I am taking a church history class and have been so blessed by studying the Reformation again. I remember the first time I studied the Reformation in my undergrad ten years ago. It was life changing. In that class, the Lord opened my eyes to understand true Christian faith. I realized faith is not simply believing God exists. It is not some self-discovery or inner peace. Faith is not even about calling yourself a Christian or going to church.
Rather, as John Calvin puts it, faith is “a firm and sure knowledge of God’s favor toward us, based on the truth of a free promise in Christ, revealed to our minds and sealed on our hearts by the Holy Spirit.” The knowledge involved in faith is not merely an intellectual act. Faith is about who we know. Faith knows God. It personally knows of God’s character as a loving father. It is sure of his love because he sent his Son to die.
In my undergrad class, I went from a student memorizing a list of divine attributes to a child who loved her father. God went from an abstract idea to someone I knew personally. As Calvin would put it, I had for the first time a “firm and sure knowledge of God’s favor towards me”. I became sure of his love because he sent his son for me. I had faith not based on myself, but “based on the truth of a free promise in Christ”.
I can’t express the impact the Reformers continue to have on me. Not because there is something magical in the Reformers. Rather, they never fail to show me the beauty of Christ. This time around, I got to read Martin Luther’s treatise, On Christian Liberty. Luther says faith is like a wedding ring.
By the wedding ring of faith he (Christ) shares in the sins, death, and pains of hell which are his bride's. As a matter of fact, he makes them his own and acts as if they were his own and as if he himself had sinned.
As a loving husband, Christ gives his life for the sake of saving his bride. He takes our sin. He takes our death. He takes them as if they were his own. Yet, the story doesn’t end there. By faith, we are promised to receive all that is Christ’s. Just as he took our sin and death upon himself, we receive his righteousness and eternal life as rightfully ours. As Luther says,
Thus the believing soul by means of the pledge of its faith is free in Christ, its bridegroom, free from all sins, secure against death and hell, and is endowed with the eternal righteousness, life, and salvation of Christ its bridegroom.

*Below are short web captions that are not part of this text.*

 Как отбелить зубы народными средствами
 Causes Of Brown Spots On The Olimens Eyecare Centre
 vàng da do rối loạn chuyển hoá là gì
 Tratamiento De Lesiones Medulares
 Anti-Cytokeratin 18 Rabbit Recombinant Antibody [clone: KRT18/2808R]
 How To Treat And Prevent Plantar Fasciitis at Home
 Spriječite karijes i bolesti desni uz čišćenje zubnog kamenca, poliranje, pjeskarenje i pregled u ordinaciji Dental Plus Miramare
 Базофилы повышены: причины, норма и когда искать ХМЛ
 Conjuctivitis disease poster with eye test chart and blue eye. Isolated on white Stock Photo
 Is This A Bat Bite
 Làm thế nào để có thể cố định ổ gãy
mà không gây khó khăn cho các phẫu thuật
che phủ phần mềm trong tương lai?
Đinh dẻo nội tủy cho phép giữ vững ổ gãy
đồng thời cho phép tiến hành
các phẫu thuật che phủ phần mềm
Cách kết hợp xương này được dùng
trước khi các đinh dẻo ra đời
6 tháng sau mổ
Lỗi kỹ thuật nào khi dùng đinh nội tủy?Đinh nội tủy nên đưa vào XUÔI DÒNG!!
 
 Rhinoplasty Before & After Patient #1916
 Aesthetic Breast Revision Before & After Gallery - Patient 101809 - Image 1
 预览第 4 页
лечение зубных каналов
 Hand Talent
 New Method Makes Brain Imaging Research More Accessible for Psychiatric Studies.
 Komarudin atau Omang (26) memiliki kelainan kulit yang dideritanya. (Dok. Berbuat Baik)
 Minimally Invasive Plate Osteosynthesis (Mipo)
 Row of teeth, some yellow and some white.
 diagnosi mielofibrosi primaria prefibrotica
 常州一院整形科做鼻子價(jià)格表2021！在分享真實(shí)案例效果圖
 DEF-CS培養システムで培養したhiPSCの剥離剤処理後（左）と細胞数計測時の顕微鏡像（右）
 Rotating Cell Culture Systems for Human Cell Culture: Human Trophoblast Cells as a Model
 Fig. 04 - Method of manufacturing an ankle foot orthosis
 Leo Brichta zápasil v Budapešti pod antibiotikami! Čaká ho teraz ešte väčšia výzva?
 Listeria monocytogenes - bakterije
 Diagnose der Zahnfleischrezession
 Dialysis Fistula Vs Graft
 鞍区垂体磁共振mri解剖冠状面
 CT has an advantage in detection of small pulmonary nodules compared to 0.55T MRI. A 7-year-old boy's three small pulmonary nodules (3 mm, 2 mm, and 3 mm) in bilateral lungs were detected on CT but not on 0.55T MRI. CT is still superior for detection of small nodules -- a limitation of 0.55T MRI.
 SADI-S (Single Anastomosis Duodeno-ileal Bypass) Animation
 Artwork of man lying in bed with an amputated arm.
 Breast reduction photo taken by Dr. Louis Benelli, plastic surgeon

This is the story of the gospel. One the Reformers loved to tell.
To this day, I remember one lecture from my undergrad class. We were going over Psalm 131 which reads, “I have calmed and quieted my soul, like a weaned child with its mother; like a weaned child is my soul within me.” I was struck by the psalmist’s image. I wanted to be held by God’s arms like a weaned child. In fact, what struck me was not how much I wanted that kind of relationship with God. It was the sure knowledge that I already had it. I know now that this was not a work of my own doing. This was the work of God’s Spirit that revealed this truth to my mind and sealed it to my heart. It was a gift of faith.